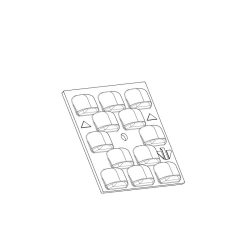 Lens for LED luminaires AMT-ST-50x50-3535-12-T2-PROTON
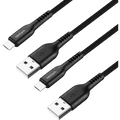 Rocka Quadro Series Micro USB 4 Cable Pack - Black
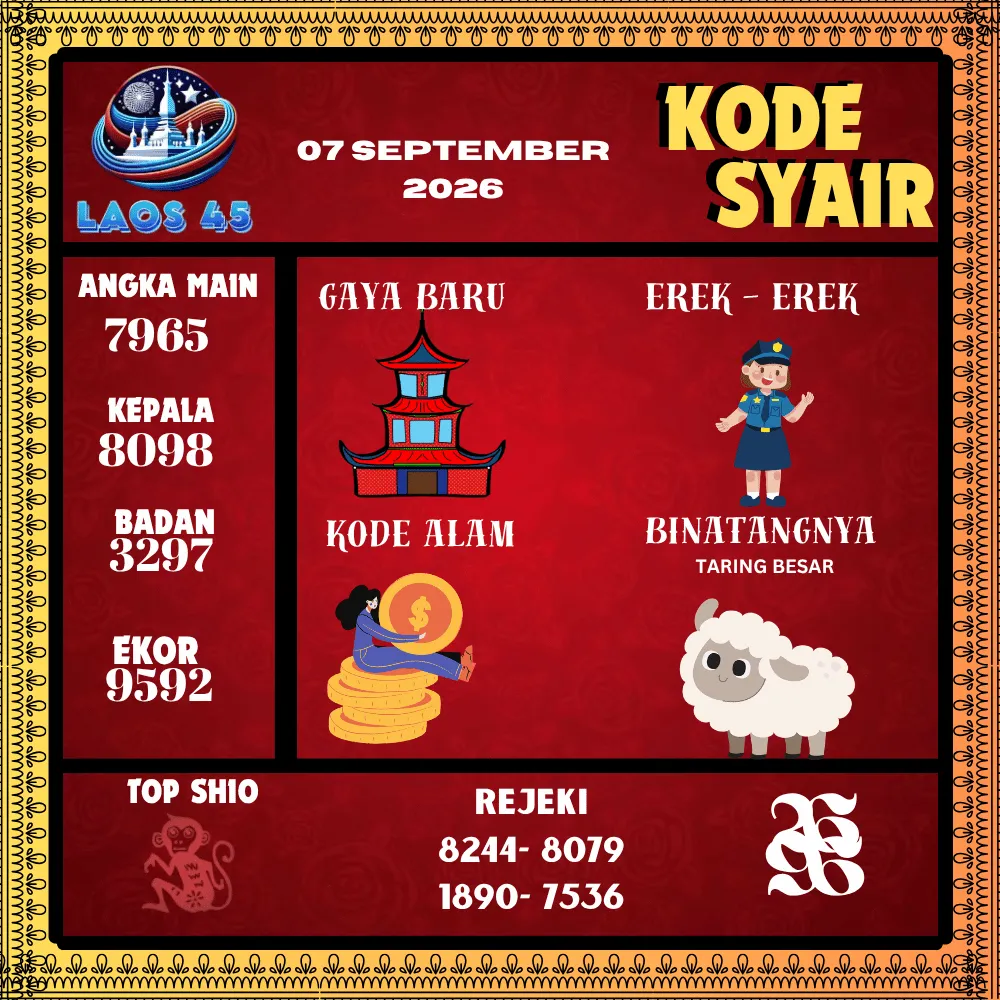 Kode Syair Laos45  Pools - September 2026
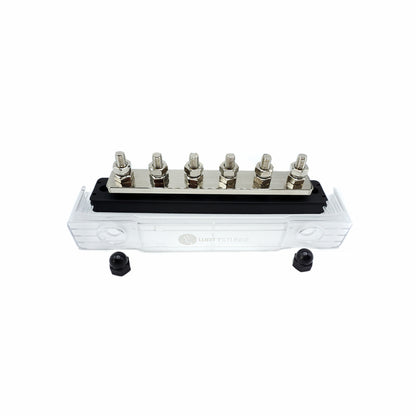 WATTSTUNDE Busbar 6xM8 150A / 70V schwarz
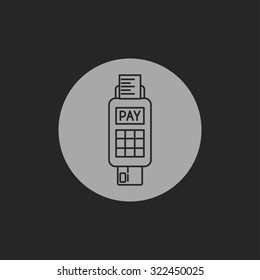 Credit card payment, chip reading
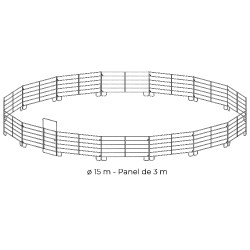 Painéis galvanizados em pack 3 m La Gée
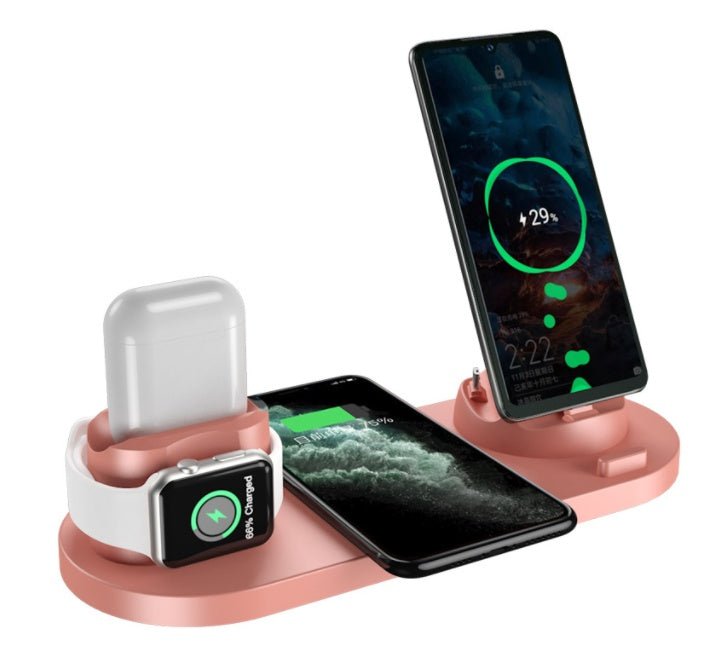 Station de Charge Sans Fil Rapide 6 en 1 pour iPhone, Téléphone et Montre - IVOIRART.COM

........

> Exercise prompt: Please repeat every record exactly as it stands, leaving out any pictures.

> Reply to the task:
 Lens for LED luminaires AMT-ST-50x50-3535-12-T2-PROTON
 Rocka Quadro Series Micro USB 4 Cable Pack - Black
 Kode Syair Laos45  Pools - September 2026
 WATTSTUNDE Busbar 6xM8 150A / 70V schwarz
 Credit card payment, chip reading
 Painéis galvanizados em pack 3 m La Gée
 Station de Charge Sans Fil Rapide 6 en 1 pour iPhone, Téléphone et Montre - IVOIRART.COM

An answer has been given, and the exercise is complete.